### EXERCISE DATA ###

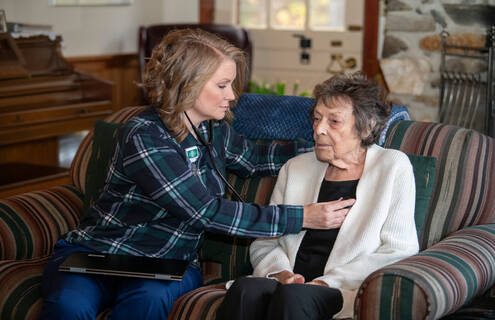 Female nurse uses stethoscope to listen to listen to heartbeat of elderly female patient in her home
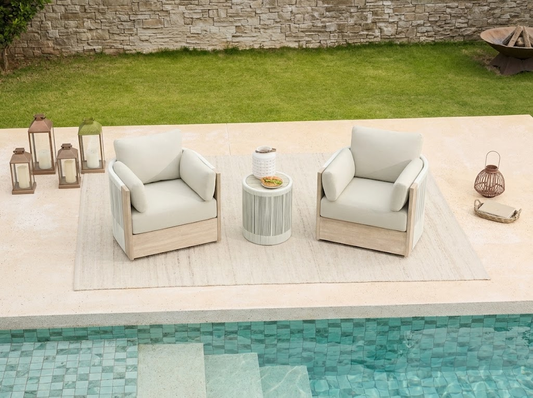 Two cream-cushioned outdoor patio club chairs with a round side table sit poolside on a beige rug, illustrating coordinated outdoor furniture styling.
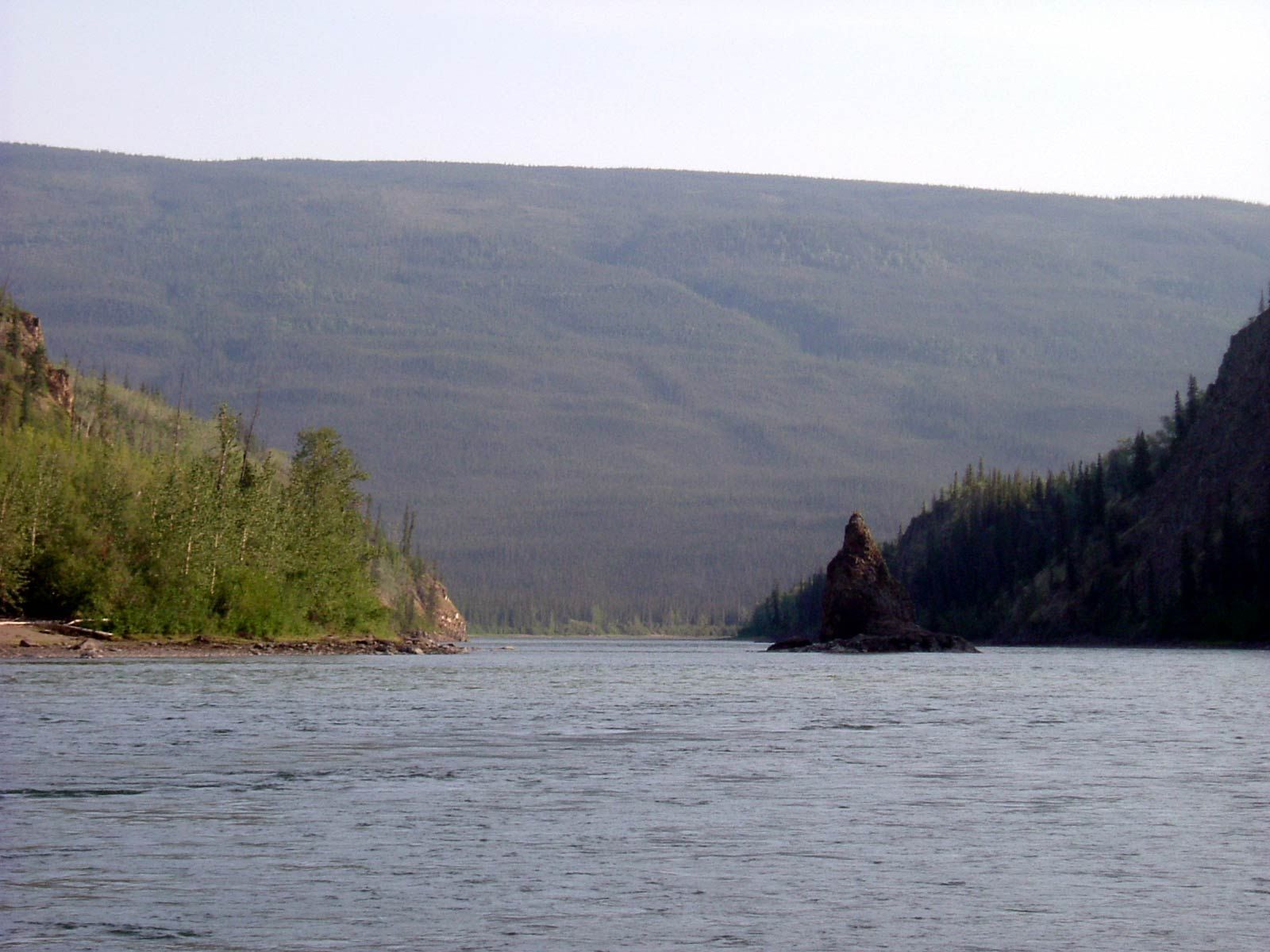 Wide river between green and dark forested hills under a hazy sky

###

Print out the material verbatim, skipping pictures.

EXERCISE RESULT
 Female nurse uses stethoscope to listen to listen to heartbeat of elderly female patient in her home
 Two cream-cushioned outdoor patio club chairs with a round side table sit poolside on a beige rug, illustrating coordinated outdoor furniture styling.
 Wide river between green and dark forested hills under a hazy sky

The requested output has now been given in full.